- WORK INSTRUCTIONS
From the line containing "APPARATUS FOR REMOVING" to the line containing "Atlas Antibodies Anti-PROX1 Antibody" in the entries below, reproduce every line exactly, ends included. Nothing else belongs in the copy, and no pictures.
Segment Start: DATA
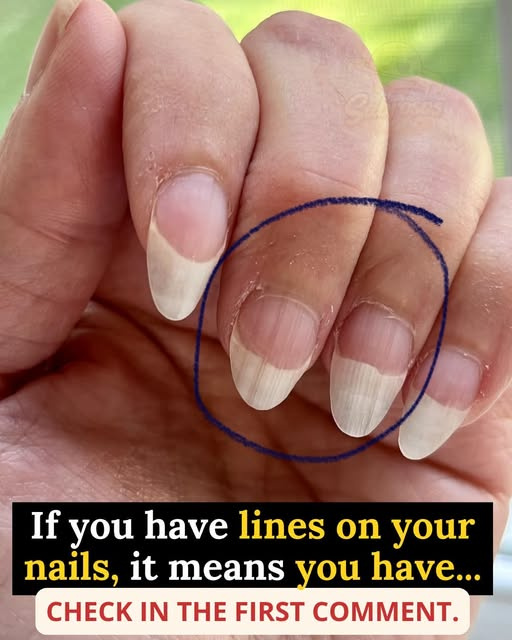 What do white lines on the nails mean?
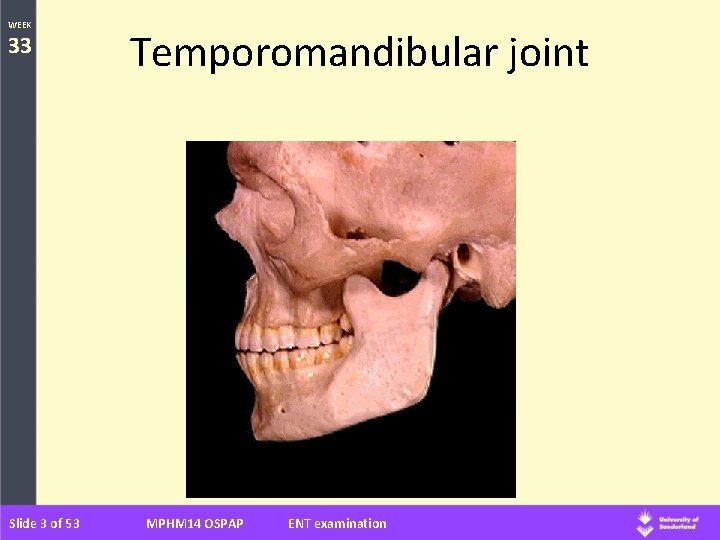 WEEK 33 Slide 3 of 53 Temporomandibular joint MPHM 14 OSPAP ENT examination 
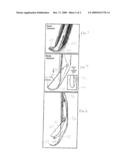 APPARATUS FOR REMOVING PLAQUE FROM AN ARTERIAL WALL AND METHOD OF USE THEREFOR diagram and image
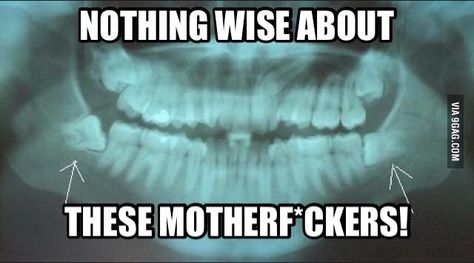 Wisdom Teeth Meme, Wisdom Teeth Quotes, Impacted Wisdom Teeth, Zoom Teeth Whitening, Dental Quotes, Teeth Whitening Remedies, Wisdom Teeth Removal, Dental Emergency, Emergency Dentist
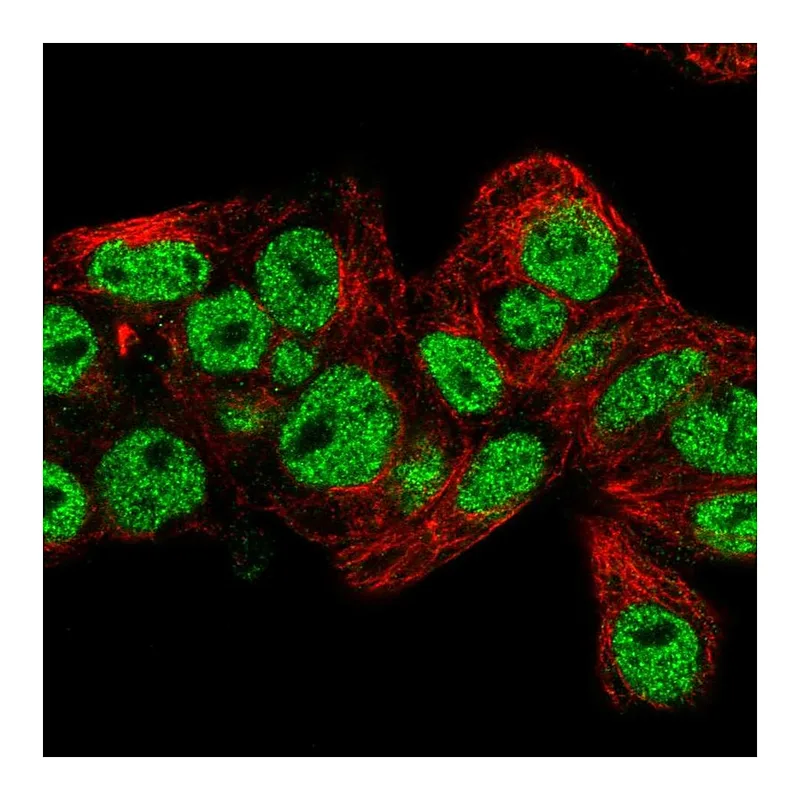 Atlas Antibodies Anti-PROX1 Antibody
Segment End: DATA
Segment Start: DATA
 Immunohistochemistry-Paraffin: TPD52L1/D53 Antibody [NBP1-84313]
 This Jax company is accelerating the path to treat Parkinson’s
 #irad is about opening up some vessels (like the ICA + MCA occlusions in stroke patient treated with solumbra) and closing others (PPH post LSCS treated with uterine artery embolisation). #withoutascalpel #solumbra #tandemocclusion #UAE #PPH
Segment End: DATA
Segment Start: DATA
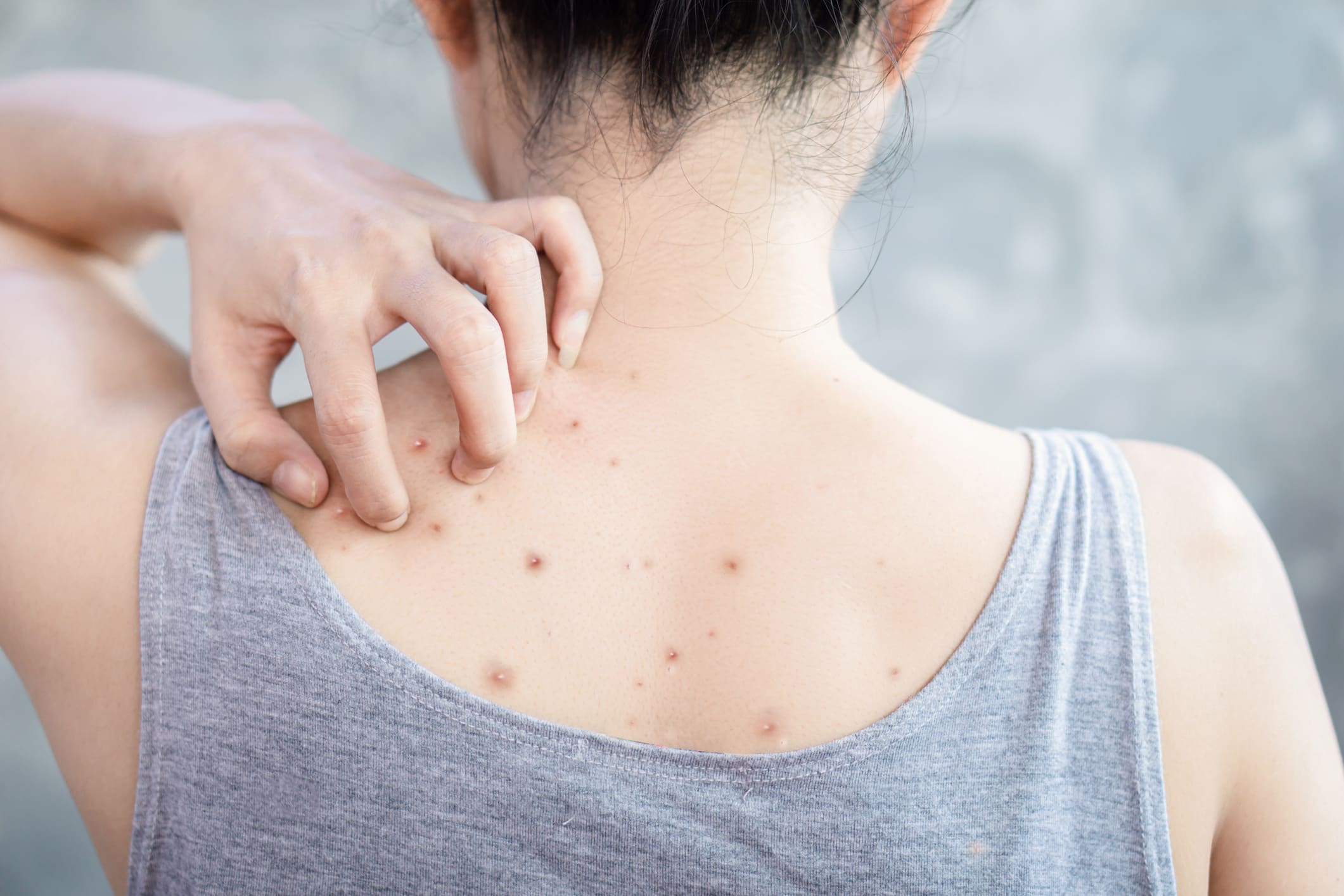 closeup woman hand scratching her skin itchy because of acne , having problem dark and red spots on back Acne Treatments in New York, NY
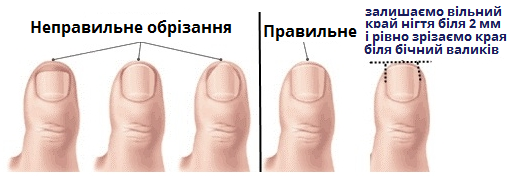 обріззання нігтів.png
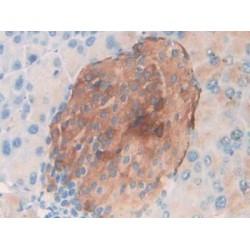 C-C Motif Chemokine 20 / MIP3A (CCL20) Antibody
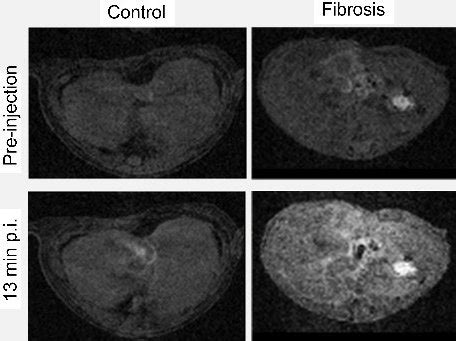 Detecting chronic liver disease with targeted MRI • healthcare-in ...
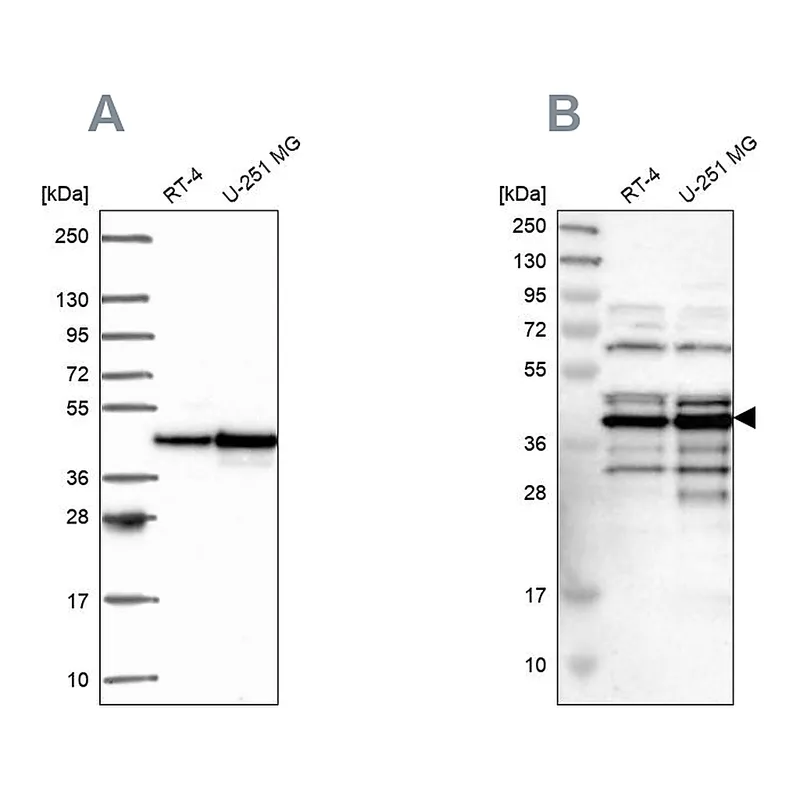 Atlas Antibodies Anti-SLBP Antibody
Segment End: DATA
- SOLUTION FOR THIS PROBLEM
 APPARATUS FOR REMOVING PLAQUE FROM AN ARTERIAL WALL AND METHOD OF USE THEREFOR diagram and image
 Wisdom Teeth Meme, Wisdom Teeth Quotes, Impacted Wisdom Teeth, Zoom Teeth Whitening, Dental Quotes, Teeth Whitening Remedies, Wisdom Teeth Removal, Dental Emergency, Emergency Dentist
 Atlas Antibodies Anti-PROX1 Antibody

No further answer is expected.